[A leitura de Pretérito Perfeito por Carla M. Soares]
Doce e agressivo, bom de ler, mau de ler, livro para adorar e detestar, mesmo gostando... Tudo fácil e tudo terrivelmente difícil neste livro. Percebe-se melhor se acrescentar que a temática é a morte? Assim, com limpeza, sem rodeios: a morte. Morte jovem, por concretizar e todavia à partida concretizada, porque inevitável. Nós perante as páginas, naquele momento da peça, mesmo no fim da primeiro acto, quando se adivinha o cair do pano. Devia haver segundo acto, terceiro, mas desengane-se o público ao mesmo tempo que a personagem - logo nas primeiras linhas fica o aviso, é peça de um acto só. Metáfora aparte, como assistir à vida com prazo de validade? Com dor?
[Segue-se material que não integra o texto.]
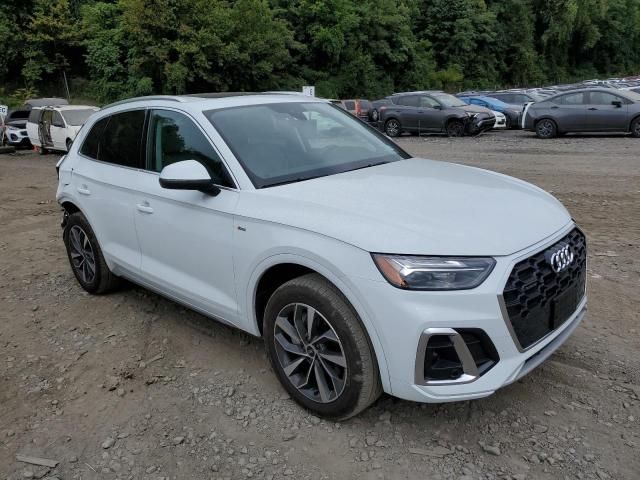 2022 Audi Q5 Premium Plus 45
Não, nem por isso. O peso da morte está nas páginas, claro, suspendemo-nos dele no receio de vê-la chegar a qualquer momento. Mas não há comiserações nem o facilitismo do drama, não há a constância da lágrima, da repulsa ou da revolta de uma morte jovem - e injusta, são sempre injustas estas falhas do nosso corpo, se o nosso corpo ainda prometia muitos anos de outras falhas. Há pelo contrário memórias em que, com a melancolia de quem já sente a falta, se celebra a vida - é a vida, é a vida! - num deambular pelos avanço dos dias à sombra da inevitabilidade, pelos momentos de outro tempo que se guardam como tesouros... E entre os pedacinhos de vida a morte nunca nos chega, expira a validade e a personagem que aprendemos a estimar permanece. Os mais óptimistas de nós podem fechar as páginas com a esperança de um engano. Não há engano, mas a esperança é coisa boa.